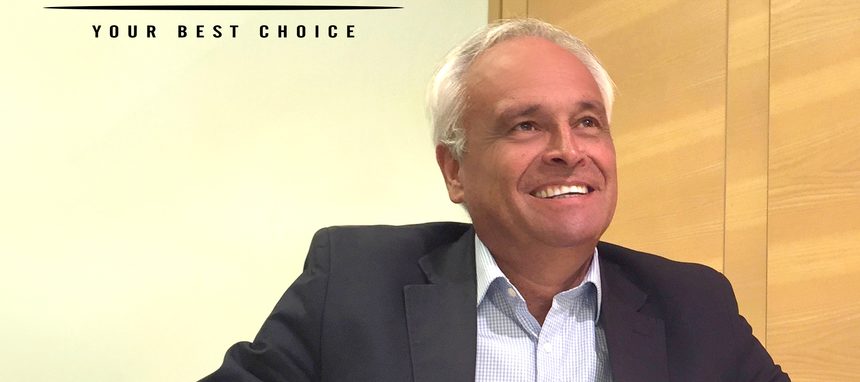 Juan Antonio Morlà (Mondial): 2018 será otro año clave para nosotros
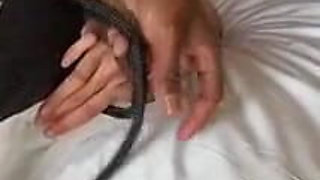Camille Shibari Bikini 281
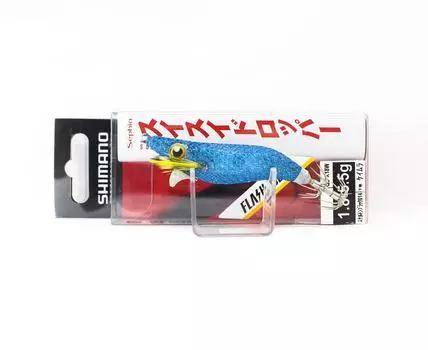 Shimano QS-X18W Suisui Dropper FB Egi Squid Jig 016 (7038)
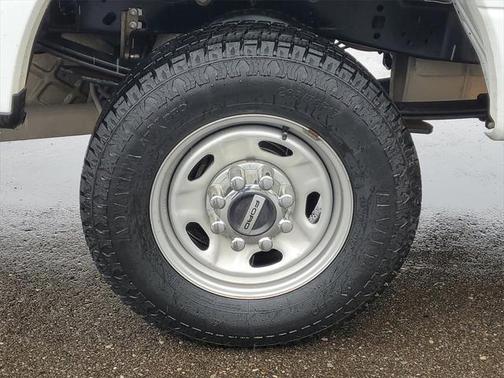 2022 Ford F-250 XL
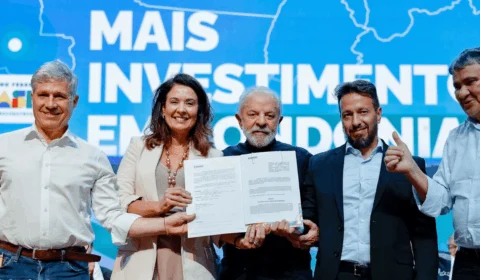 Fundo Amazônia investe R$ 55,4 milhões em Rondônia e total chega a R$ 178 milhões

--------

▸ **PROBLEM STATEMENT**
Leave out the pictures, and write out exactly the lines from the one containing "Camille Shibari Bikini 281" through the last line of the listing, both included.

▸ **RESPONSE TO THIS EXERCISE**
Camille Shibari Bikini 281
 Shimano QS-X18W Suisui Dropper FB Egi Squid Jig 016 (7038)
 2022 Ford F-250 XL
 Fundo Amazônia investe R$ 55,4 milhões em Rondônia e total chega a R$ 178 milhões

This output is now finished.